MEP: Simson must not act against EU interests on Russian pipeline
In chastising the United States for threatening sanctions on private sector firms in Germany over the ongoing construction of the Nord Stream 2 gas pipeline, commissioner Kadri Simson (Center) and the European Union as a whole is acting against its own interests, leaving America to do its work for it, says MEP Urmas Paet (Reform).
Paet told ERR Thursday that the under-construction gas pipeline, which runs under the Baltic and links Russia to Germany, is a threat to security and grants too much sway in EU energy markets to a non-member.
In threatening sanctions against the German company constructing the final stages of the pipeline, the U.S. senators who did so are standing up for the EU's interests more than the EU itself has seemed to.
"By talking about restrictions, the U.S. is carrying out what the European Commission itself should be doing, to actually implement what had been decided some time ago. This idea that the U.S. is the villain of the piece with Nord Stream 2 is misunderstanding the issue," Paet said.
The commission should uphold decisions made by the EU as a whole on energy, he added, meaning the responsibility lies with Kadri Simson, Estonia's commissioner, who holds the energy portfolio, to do everything to ensure energy security.
Simson: U.S. has no right to interfere in legally compliant actions of European firms
Kadri Simson said Tuesday that the EU does not recognize restrictive measures imposed by third (i.e. non-EU) countries on European companies, if those companies are complying with EU law, seeming in effect to place the burden of "interfering" on the U.S., rather than on the Russian Federation.
Simson's remarks follow announcements last week by U.S. Senators Ted Cruz (R-TX), Tom Cotton (R-AR) and Ron Johnson (R-WI) that "crushing legal and economic sanctions" may fall on Fährhafen Sassnitz GmbH, constructing the Nord Stream 2 final section at the northeastern German port city of Sassnitz.
Germany's foreign minister Heiko Mass, who met with Russian counterpart Sergei Lavrov a few days ago, is following the same line, saying he has complained to U.S. Secretary of State Mike Pompeo about the threats.
Urmas Paet noted on Thursday that Germany's favorable stance towards Nord Stream 2, which was given the go ahead from the German government in 2018, runs against communal European attitudes, not least since the Russian Federation has displayed a tendency to interfere in the economic policies and politics of sovereign nations already, including Ukraine.
Nord Stream 1 opened in 2011 and runs from Vyborg in the Russian Federation – formerly the Finnish city of Viipuri – to Greifswald on the German Baltic coast.
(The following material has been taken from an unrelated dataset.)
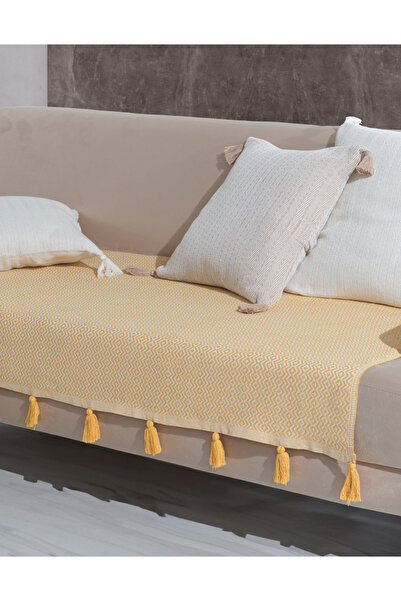 Lux Touch Husă de fotoliu cu pompon galben lavi - 115 x 200 cm, canapea divan...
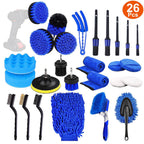 26Pcs Car Detailing Brush Kit Exterior Interior Car Cleaning Set Drill Brush Set Car Buffing Sponge Pads Kit for Cleaning Automobile Interior Exterior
"At the moment, it seems that principles of this Nord Stream project are being rebuilt, which unfortunately makes a mockery of a previous decision that no non-EU country should have too large a share in the EU energy market," Paet said.
The EU has so far not been able to reach a consensus on halting the project and in that time the Russians have made the pipeline a reality.
Reinsalu: Blocking Nord Stream 2 is in Estonia's interest
Minister of Foreign Affairs Urmas Resinalu (Isamaa) said the U.S.' plan to impose sanctions on European companies involved in the construction of Nord Stream 2 is in Estonia's interests.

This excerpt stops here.